La historia de la ley no es nueva. Se remonta al año de 1999, en que Rosario Robles promueve su primera versión, en medio de una campaña de amenazas y acusaciones que se asemeja más a un linchamiento público que a la diseminación y defensa de una opinión. Hay sectores de la Iglesia que, en el año 2000, siguen pensando que el camino del consenso es la eliminación de todo disenso: al opositor se le trata como si fuera un pagano o un hereje, no un simple ciudadano con una opinión diferente. Y la hoguera moderna no requiere leños ni brasas ni a la Inquisición, le basta la televisión. El juicio sumario no sucede en la plaza pública sino frente a las pantallas, pues, ¿qué es un político contra los medios sino un político ya sin medios? Finalmente, quien fija los criterios de la "verdad", así sea durante el suspiro de un noticiario nocturno, es la caja de las ilusiones, donde el espectáculo de "arder" se pone en pantalla con un simple eslogan reiterado como un mediático mantra.

Al parecer, la lección del año 2000 sirvió de escarnio. A lo largo de todo su gobierno, Andrés Manuel López Obrador no sólo no mencionó el tema, sino que se cuidó de que nadie, en su frente, lo hiciera. El acercamiento con la jerarquía eclesiástica, que debía pavimentar el camino a Los Pinos, estaba fundado en ese curioso silencio. Seguramente AMLO nunca pensó que podía inclinar al obispado en su favor, pero le bastaba que no se enfilara en su contra, que le entregara la misma carta que él desplegó: el silencio.

No sirvió de mucho. El nudo duro de la burocracia religiosa no cumplió -¿y por qué acto de magia debía hacerlo?-, e inclinó toda su fuerza hacia la candidatura del Partido Acción Nacional a lo largo de todos los comicios de 2006. La vendetta de AMLO recuerda un poco al Garrido Canabal de los años 20, sólo que (por fortuna) en su versión inofensiva: militantes lopezobradoristas irrumpen en las misas con el justo reclamo de que "Dios no es panista".

Es evidente que en 2007 Marcelo Eberard ha realizado una lectura original, por decirlo de alguna manera, de estos hechos, y decide apartarse del radicalismo (que a veces hace esquina con el maniqueísmo) de sus antecesores.
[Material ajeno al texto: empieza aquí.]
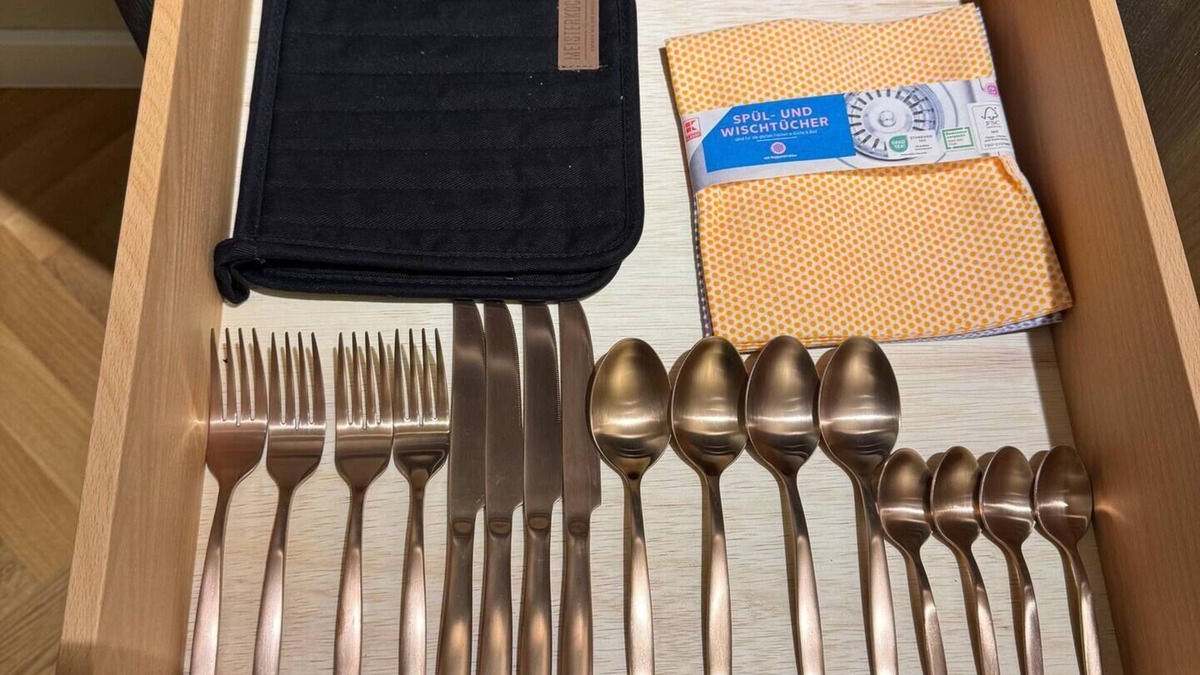 Auerbach-Erzgebirge Apartment | Timeless luxury at the moated castle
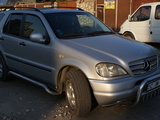 Mercedes M Class foto 2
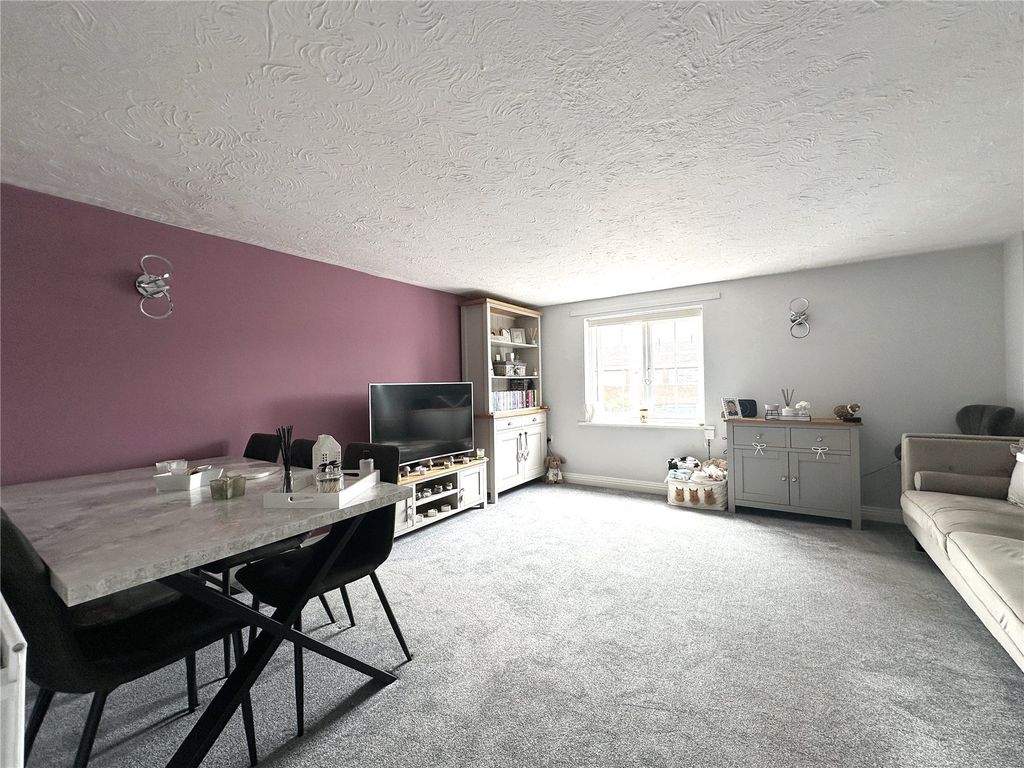 Property photo 2 of 11 Picture No. 03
El nuevo jefe de Gobierno restringe su acción a la de quien permite la acción, recuerda su naturaleza civil y se aparta de cualquier campaña que estigmatice a las partes como una contienda entre "fieles" e "infieles", entre "demócratas" y "teócratas", entre "liberales" y "conservadores". Lo que consigue es un éxito asombroso, porque permite que los propios católicos ingresen en la arena de la reflexión civil acotando los límites de su religiosidad, entrando a una esfera donde el sujeto de la religión abandona la sujeción sin desistir de su religión, es decir, una esfera posreligiosa, o ateológica si se quiere.

Hay que reconocer que en estas últimas semanas la izquierda mexicana ha descubierto finalmente (no sé por cuánto tiempo) una nueva manera de hacer política que consiste en definir sus demandas a partir de la trama de su contingencia, y no, como era la costumbre, en convertir cualquier propuesta en el gran y angustioso espectáculo de la lucha entre "pobres" y "ricos", entre "incluidos" y "excluidos", entre categorías épicas que polarizaban, hasta volver irrespirable, toda contingencia.

Quien se divide en campos cada vez más enfrentados es el bloque en el poder. Todos los esfuerzos de Manuel Espino, el presidente del PAN, por reditar el enfrentamiento entre el Poder Ejecutivo y el Gobierno del Distrito Federal, fracasan. Esa suerte de replay de un Fox II en que los ultras quieren encajonar la política de Calderón hacia el DF se viene abajo cuando lo que se escucha desde Los Pinos es el desacuerdo con la ley, pero el respeto a la soberanía de la Asamblea Legislativa del Distrito Federal.

Sin tan sólo este fuera el comienzo donde se logre gestar ese centro político que no ha logrado erigirse desde 2000, el rumbo de la historia que comienza ese año, y que no ha dejado de estar abierta, cambiaría sensiblemente.